Records for the task START
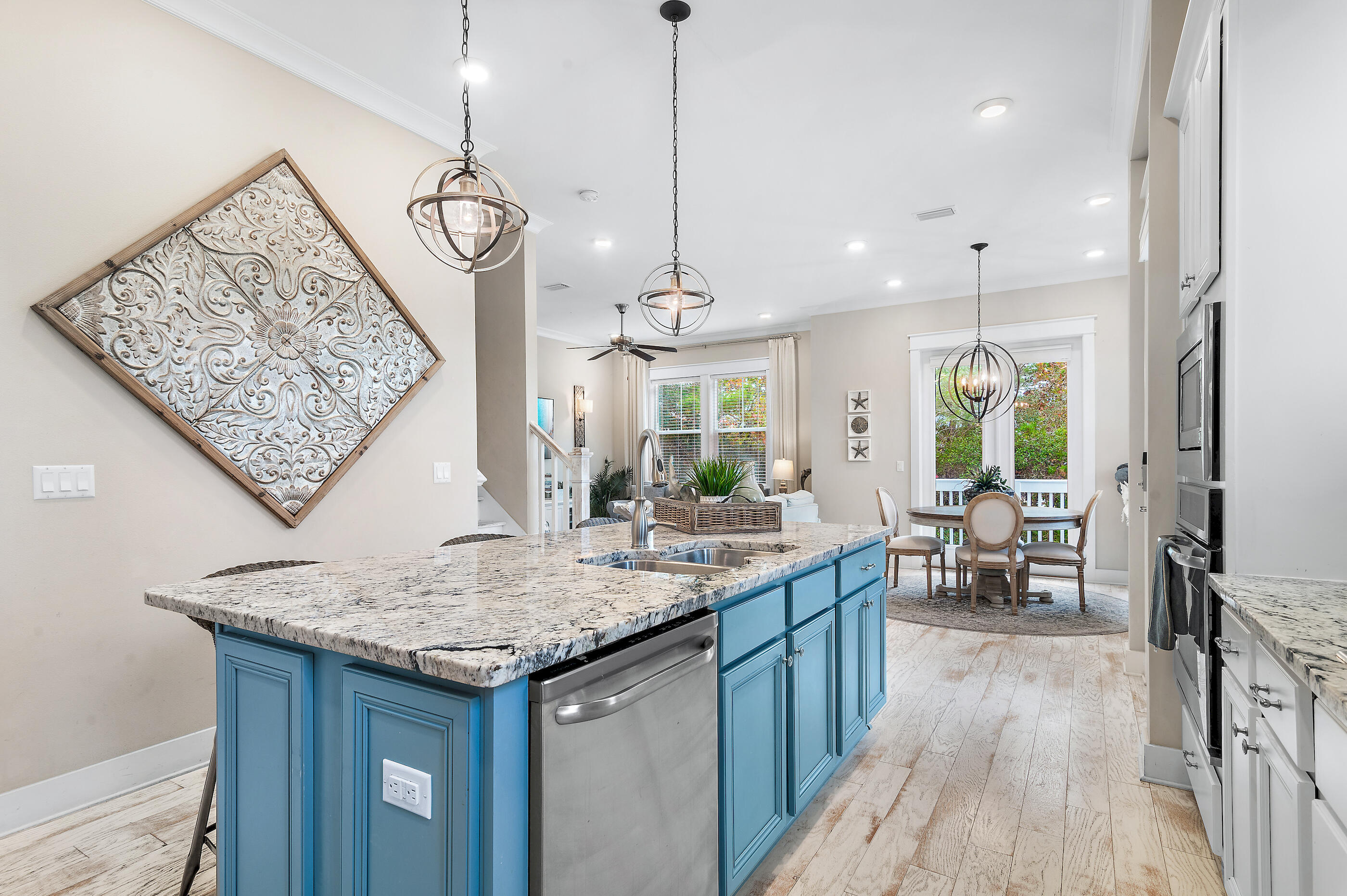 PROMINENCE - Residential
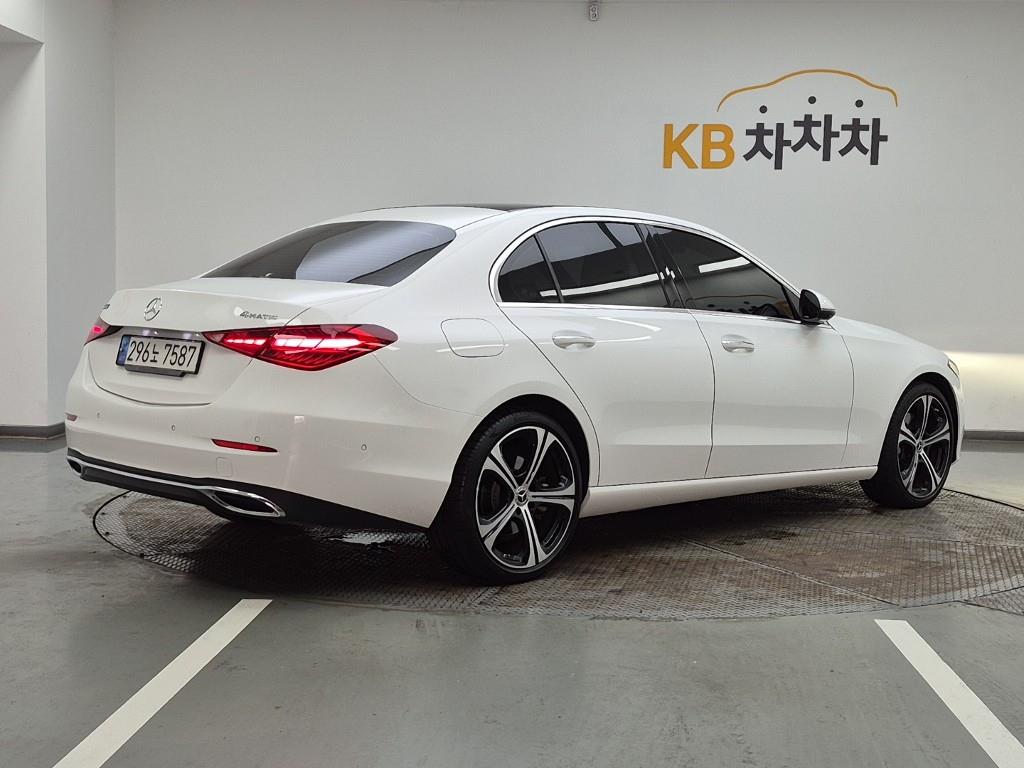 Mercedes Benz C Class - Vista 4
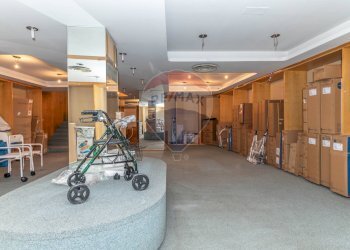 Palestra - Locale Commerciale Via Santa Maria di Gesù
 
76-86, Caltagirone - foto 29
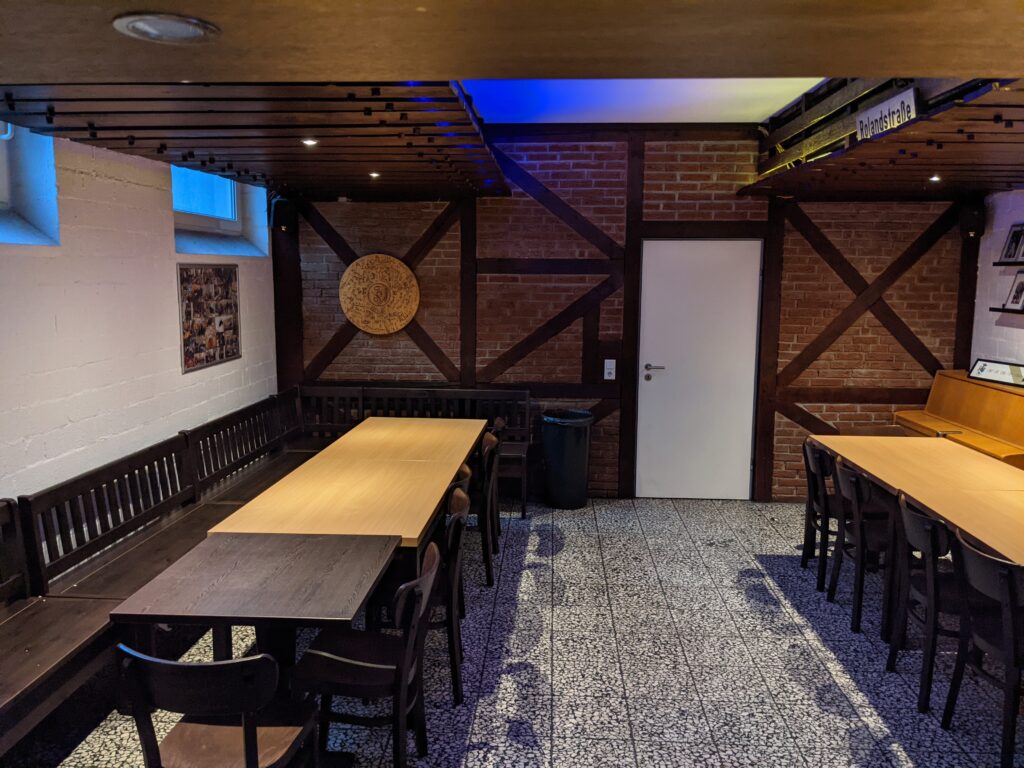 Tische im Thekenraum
Records for the task END
Requirement – Before copying, set the pictures aside; then give the records again exactly.

Reply to the exercise –
 PROMINENCE - Residential
 Mercedes Benz C Class - Vista 4
 Palestra - Locale Commerciale Via Santa Maria di Gesù
 
76-86, Caltagirone - foto 29
 Tische im Thekenraum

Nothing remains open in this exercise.